PROVIDED DATA -

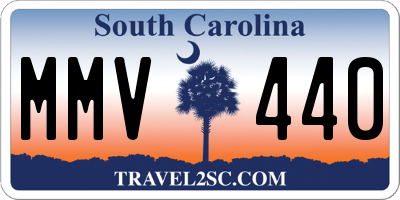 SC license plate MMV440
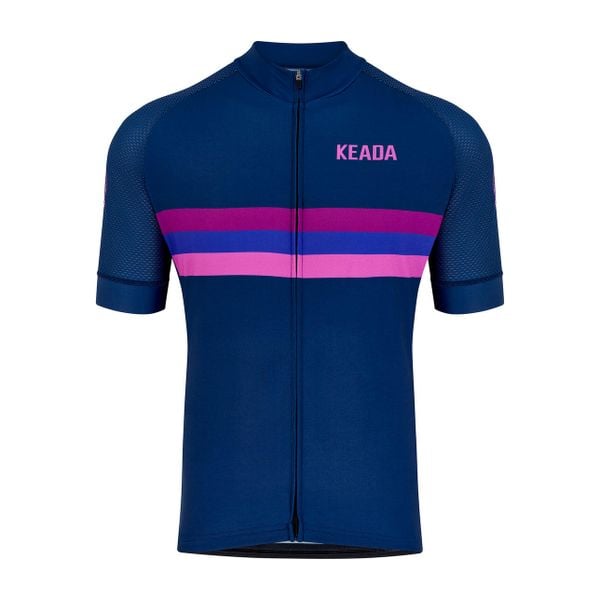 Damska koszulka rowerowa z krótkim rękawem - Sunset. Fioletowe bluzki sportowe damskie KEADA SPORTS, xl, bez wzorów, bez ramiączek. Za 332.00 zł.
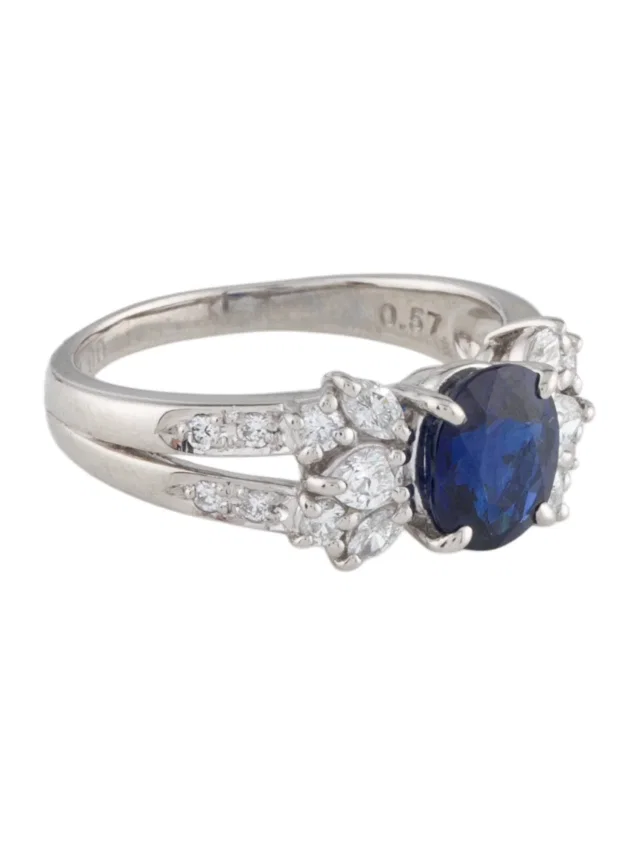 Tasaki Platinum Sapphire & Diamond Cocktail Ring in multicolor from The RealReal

TASK GOAL - In the copy, include no pictures; restate the listing above exactly.

WRITTEN ANSWER -
 SC license plate MMV440
 Damska koszulka rowerowa z krótkim rękawem - Sunset. Fioletowe bluzki sportowe damskie KEADA SPORTS, xl, bez wzorów, bez ramiączek. Za 332.00 zł.
 Tasaki Platinum Sapphire & Diamond Cocktail Ring in multicolor from The RealReal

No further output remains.